Según reveló Infobae Argentina fue ubicada en el Nivel 3 de la denominada “Shadow Transshipment Network”, la categoría correspondiente a economías de menor volumen comercial que, según Washington, podrían ser utilizadas como puntos logísticos o productivos dentro de esas operaciones.
Argentina dentro de los “corredores latinoamericanos”
El informe agrupa a Argentina junto con Brasil, Chile, Colombia y Perú dentro de lo que denomina “Corredores Latinoamericanos”.
Según la descripción estadounidense, estos países podrían funcionar como puntos de almacenamiento, reexportación, ensamblaje o circulación de mercaderías a través de rutas del Atlántico y el Pacífico.
Entre los factores que Washington considera capaces de facilitar estas operaciones aparecen las zonas francas, depósitos fiscales, infraestructura portuaria y determinadas capacidades industriales o logísticas.
La advertencia, sin embargo, no significa que el Gobierno argentino o empresas argentinas hayan sido acusados de participar deliberadamente de maniobras ilegales.
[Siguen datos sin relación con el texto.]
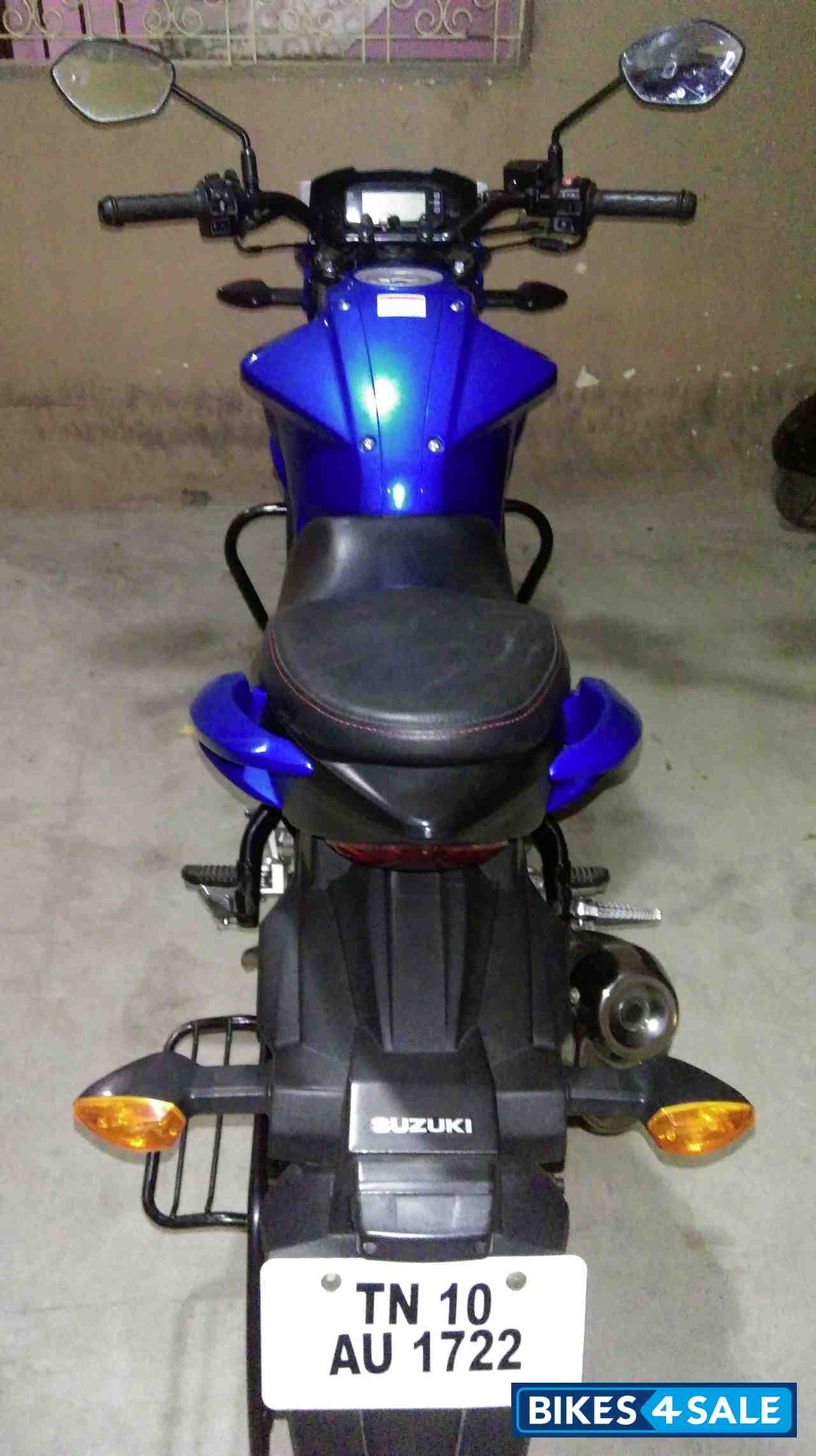 Blue Suzuki Gixxer 150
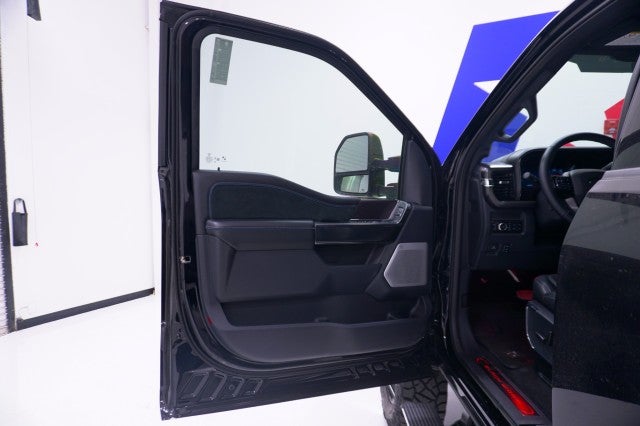 2026 Ford Super Duty F-350 DRW Platinum
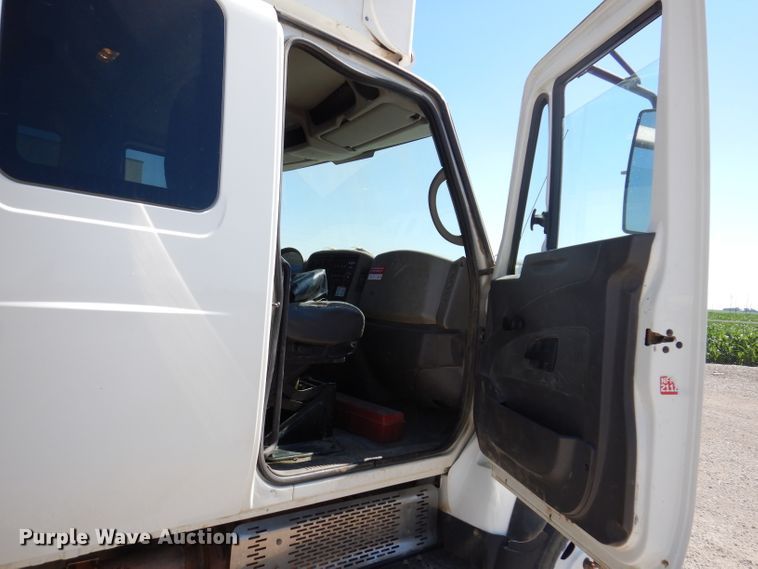 image for item IQ9699 2009 International WorkStar 7400  bucket truck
El propio informe admite que la inclusión de los países en la clasificación señala un riesgo o una vulnerabilidad del sistema comercial y no necesariamente una participación consciente en el mecanismo.
Cómo funcionaría la triangulación
El esquema descripto por Estados Unidos comienza cuando una mercadería china alcanzada por fuertes aranceles es enviada hacia otro país antes de ingresar al mercado norteamericano.
Allí puede realizarse algún proceso de ensamblaje, reembalaje, cambio de etiquetas o modificación de documentación comercial para presentarla posteriormente como originaria del tercer país.
De esta manera, el producto podría ingresar a Estados Unidos pagando un arancel considerablemente menor que el correspondiente a una importación directa desde China.
La Casa Blanca sostiene que estas prácticas representan pérdidas de decenas de miles de millones de dólares anuales para Estados Unidos y afectan a su producción industrial y al empleo.
Una disputa comercial cada vez más global
La publicación del informe se produce en medio de una ofensiva más amplia de Washington para limitar la presencia económica y tecnológica china en sectores considerados estratégicos.
El gobierno estadounidense busca incorporar controles contra la triangulación en sus negociaciones comerciales y reforzar la fiscalización aduanera para detectar productos que, pese a figurar formalmente como originarios de otros países, mantengan componentes, financiamiento, propiedad o procesos productivos vinculados con China.
Para la Argentina, la advertencia introduce un nuevo elemento en la compleja relación económica con las dos grandes potencias: Estados Unidos es un socio político y comercial prioritario para el gobierno argentino, mientras China continúa siendo uno de los principales mercados y proveedores del país.
La inclusión argentina en este mapa no constituye por sí misma una sanción ni una acusación directa, pero anticipa que Washington podría incrementar los controles sobre determinadas exportaciones provenientes del país para verificar su verdadero origen y evitar posibles mecanismos de triangulación.